London Oxford Airport Seeks to Establish a New £35m+ R&D Science Park

London Oxford Airport Seeks to Establish a New £35m+ R&D Science Park

London Oxford Airport, the UK’s fifth-ranked busiest business aviation airport, is pivoting to offer a prospective new centre for innovation and green tech with a proposed new R&D science park at the entrance to the Airport.

While focused on the burgeoning life sciences sector, London Oxford Airport states the new facility would also appeal to new Advanced Air Mobility (AAM) and Urban Air Mobility (UAM) players and their affiliates, championing innovations in motors, batteries, composites, hydrogen, synthetic and alternative fuels, all of which are already evolving in the vicinity.

The planning hearing on the all-new Research and Development Science Park on land at the entrance to the airport in Kidlington is scheduled this week.

The estimated £35+ million initiative will aid and encourage the incubation of innovation and tech start-ups and spin-offs, typically from university-inspired projects.

The scheme proposes five new research and development buildings housed in a green campus environment, offering over 200,400 ft². It will feature a stand-alone café facility within a generous new landscaped courtyard space.
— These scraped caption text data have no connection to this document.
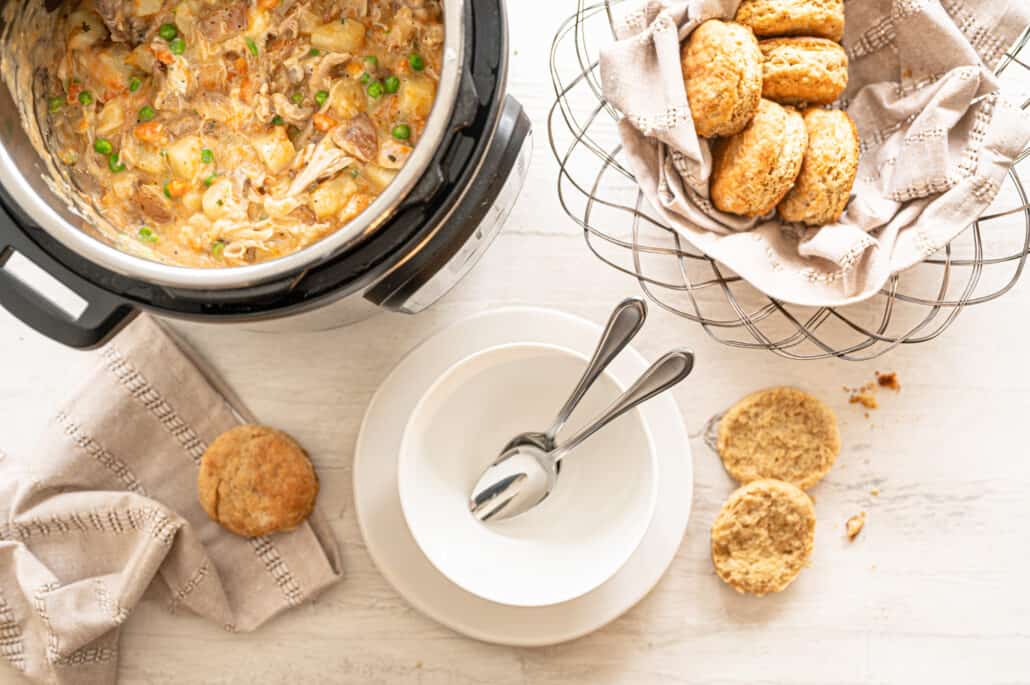 hero shot of cooked chicken pot pie in Instant Pot with biscuits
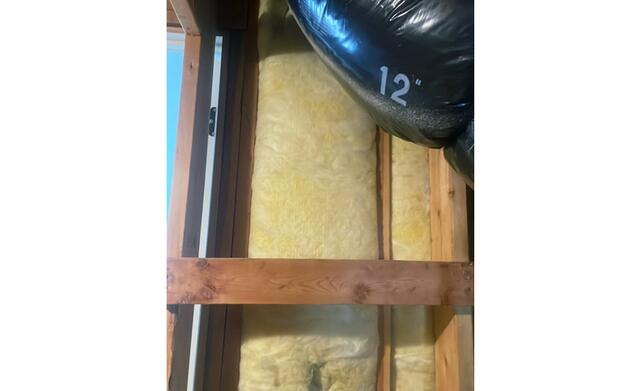 Exposed Fiberglass Insulation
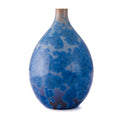 Cobalt blue teardrop vase with crystalline pattern and tapered neck, transitioning from dark blue at base to lighter tones.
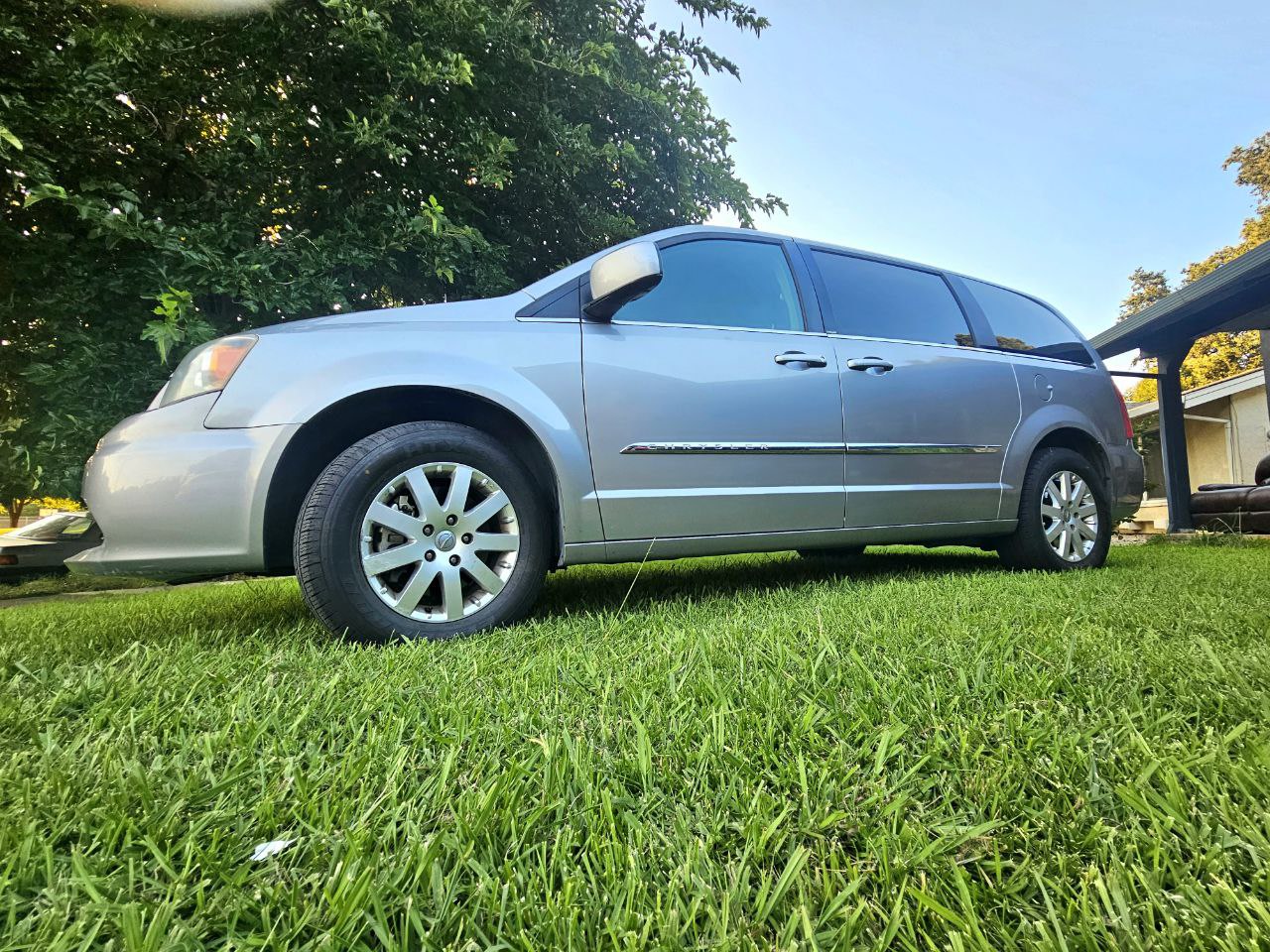 Silver minivan on grass. Spacious for road trips. See our vehicle options including RV rental. — photo 4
The Science Park will offer space for up to 17 tenants with units from around 7,700 ft², up to 56,300ft² for a complete building.

In readiness, the airport has already embarked on demolishing some old buildings, including the former 1960s-era Oxford Aviation Services trainee accommodation block.
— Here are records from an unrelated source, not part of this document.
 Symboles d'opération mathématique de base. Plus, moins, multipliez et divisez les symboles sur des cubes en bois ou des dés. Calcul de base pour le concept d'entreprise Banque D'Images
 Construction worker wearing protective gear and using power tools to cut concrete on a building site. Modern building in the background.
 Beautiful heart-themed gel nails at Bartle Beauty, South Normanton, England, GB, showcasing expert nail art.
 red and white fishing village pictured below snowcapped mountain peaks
The project will take an estimated 24 months to complete. Some of the positions will also have airside frontage, potentially more attractive for any aviation-related activities.
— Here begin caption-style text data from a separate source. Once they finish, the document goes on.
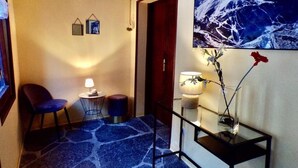 A hallway with a blue patterned carpet, a small round table with a lamp, a chair, and a framed picture on the wall. - Hotel Roc de St Miquel (Soldeu)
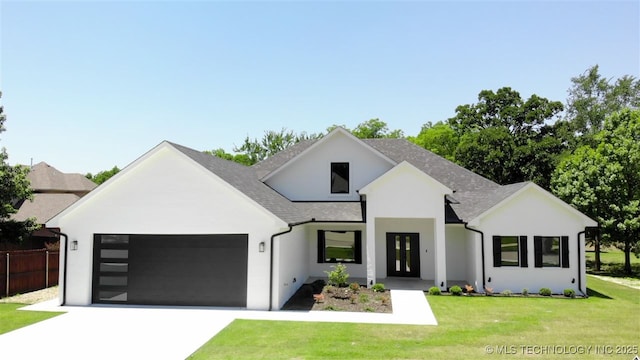 1223 Buckingham, Ardmore, OK 73401 - modern farmhouse featuring an attached garage, concrete driveway, roof with shingles, and stucco siding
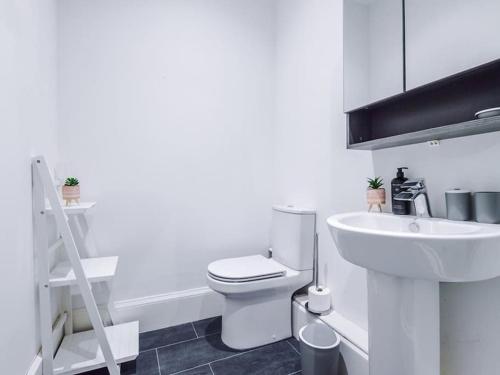 a bathroom with a white toilet and a sink at Modern 2-Bed Apartment in City Centre in Hull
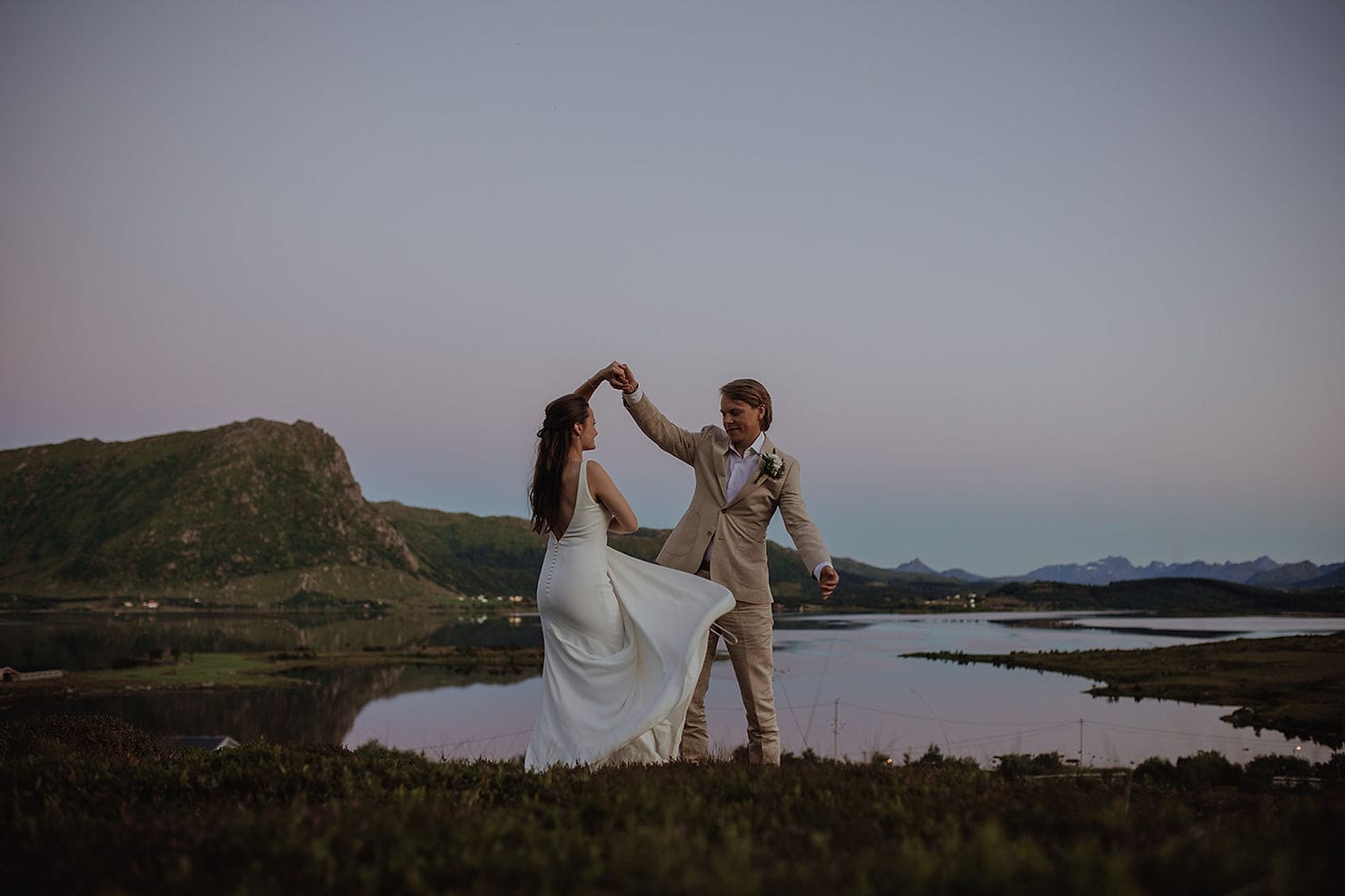 Brudepar som danser i solnedgangen i Lofoten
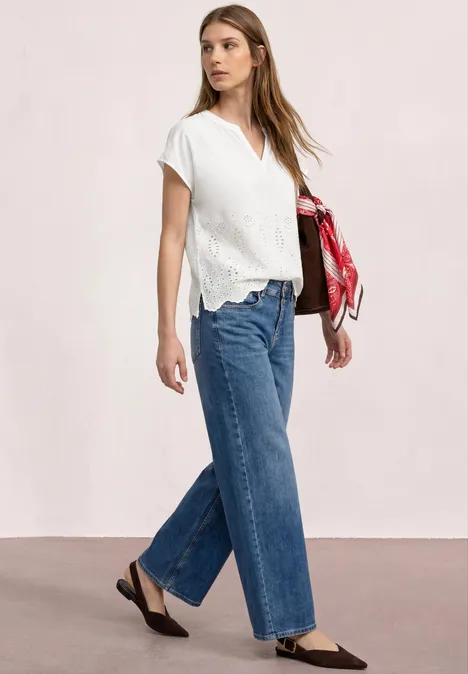 Vrouw in witte korte mouwen blouse en wijde blauwe jeans, zwarte platte schoenen, met een rood sjaaltje.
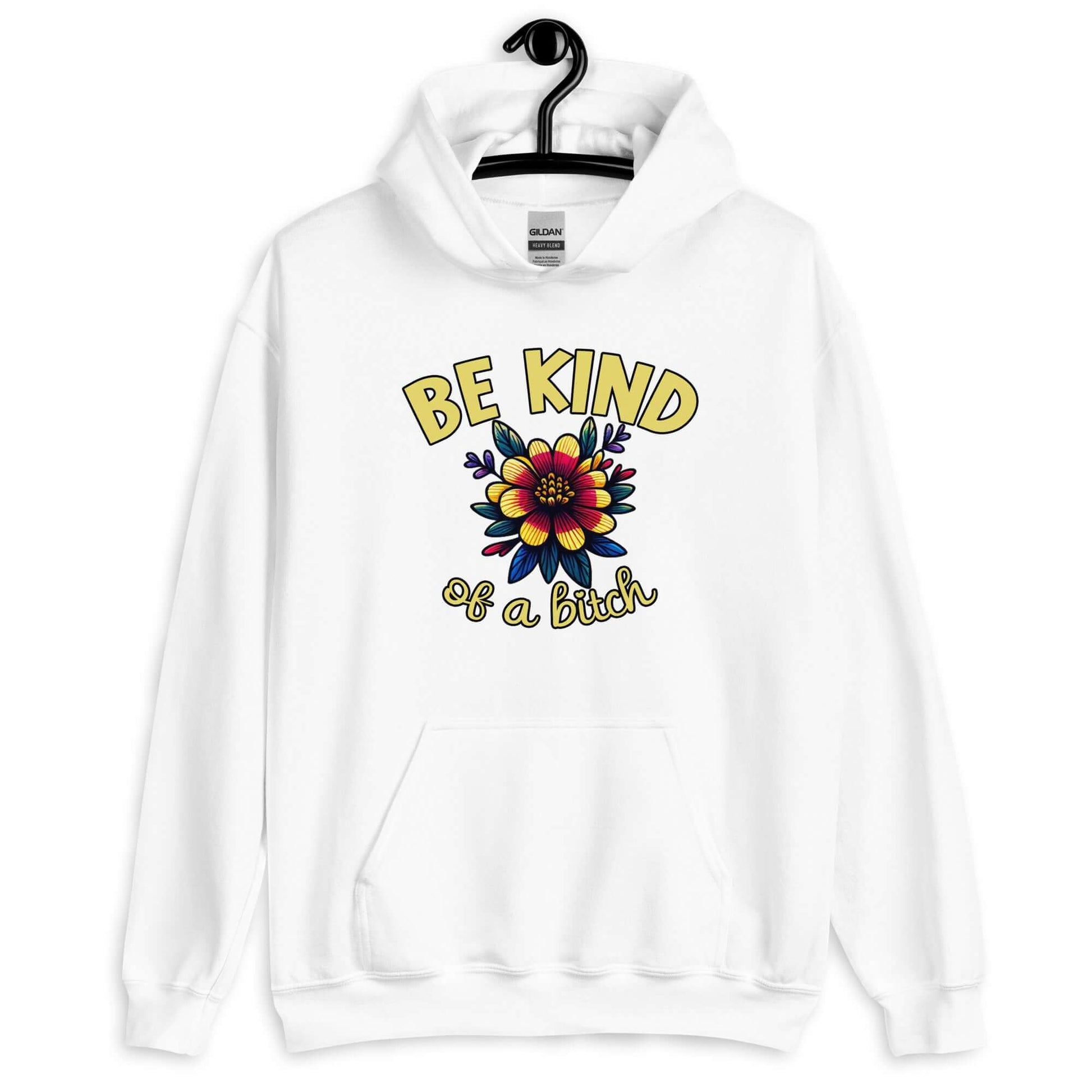 White hoodie sweatshirt with an image of a flower and the words Be kind above the flower in yellow bold block font. The words Of a bitch are smaller in script font under the flower. The design is printed on the front of the hoodie.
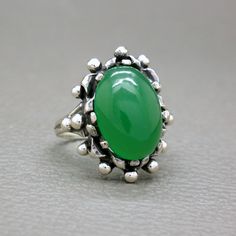 A dramatic design antique Biedermeier Victorian style ring. A large green chrysoprase cabochon is set in a beautifully hand crafted solid silver setting. The ring will be shipped in a gift box. Green Chrysoprase is a variety of chalcedony, which is a type of quartz, and is one of the more valuable stones of this group. Chrysoprase is known as a traditional birthstone of May. Ring size: 10 (US) / T 1/2 (UK) / diameter 19.8 mm / European size: 62 1/4 - it is a big size ring Ring face measures over Heirloom Green Emerald Oval Cabochon Ring, Heirloom Green Oval Cabochon Emerald Ring, Heirloom Green Oval Cabochon Rings, Heirloom Green Jade Rings, Antique Green Oval Cabochon Ring, Antique Green Turquoise Ring As Gift, Green Rings With Large Oval Cabochon Stone, Green Oval Cabochon Ring With Large Stone, Vintage Green Turquoise Cabochon Ring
“While Cambridge has arguably been a frontrunner in courting many R&D enterprises and start-ups in the last couple of decades, Oxford has definitely caught up. It’s very much the most vibrant, top choice city now for fostering innovation,” said James Dillon-Godfray, Head of Business Development at London Oxford Airport.

He added, “This new initiative answers some of Oxfordshire’s demand for high-quality, laboratory-enabled space for technology and life science companies to grow and thrive.”

“The scheme will sit alongside similar developments right next door at the new Oxford Technology Park and Begbroke Science Park, further cementing Oxford’s leading position in the life science and R&D research sectors.”

Furthermore, PWC has just highlighted “Oxford has been the highest performing city in our Index since 2017” in its Good Growth for Cities 2023 report.

London Oxford Airport – home to several next-gen programmes
The eVTOL sector is starting to knock on London Oxford’s door, adding to Germany’s Lilium (through tenant operator Volare Aviation, which has ten aircraft on order). Oxford already plays host to a sales office for Textron Aviation with its foray into electric aircraft through Pipistrel and its new eTextron brand.

Last year PAL-V International, designers of the world’s first genuine ‘flying car’, took space at Oxford. The airport’s largest resident, Airbus Helicopters, has embarked on the building of a brand new £50 million hangar, bringing together all its Oxford activities into one single, environmentally-efficient facility.

Due for completion in 2024, coinciding with Airbus Helicopters’ 50th anniversary, its new site will cover 14 acres. Parent Airbus is advancing with a raft of technological innovations, too, through its Zero Emission Development Centre in South West UK as it works to introduce hydrogen-powered commercial flights by 2035.

Alternative fuel company OxCCU is a new tenant
On the sustainable fuel front, London Oxford Airport is pleased to work new start-up, OxCCU, which is developing technologies to create synthetic fuels. To facilitate its research, the company is building a test facility compound adjacent to the airport’s new £1.5m fuel farm this summer.

About London Oxford Airport
London Oxford Airport is wholly owned by the Reuben Brothers. Reuben Brothers’ investment activities include private equity, real estate ownership and development. Businesses include shopping centres, data centres, racecourses, public houses, hotels, technology and media businesses.

At the end of February 2012, the Reubens purchased the London Heliport at London Battersea, the UK’s only CAA (Civil Aviation Authority) licensed Heliport.

The Heliport is a 22-minute helicopter ride from London Oxford Airport. London Oxford Airport has been one of the fastest-growing airports for private business aviation in the United Kingdom over the last ten years.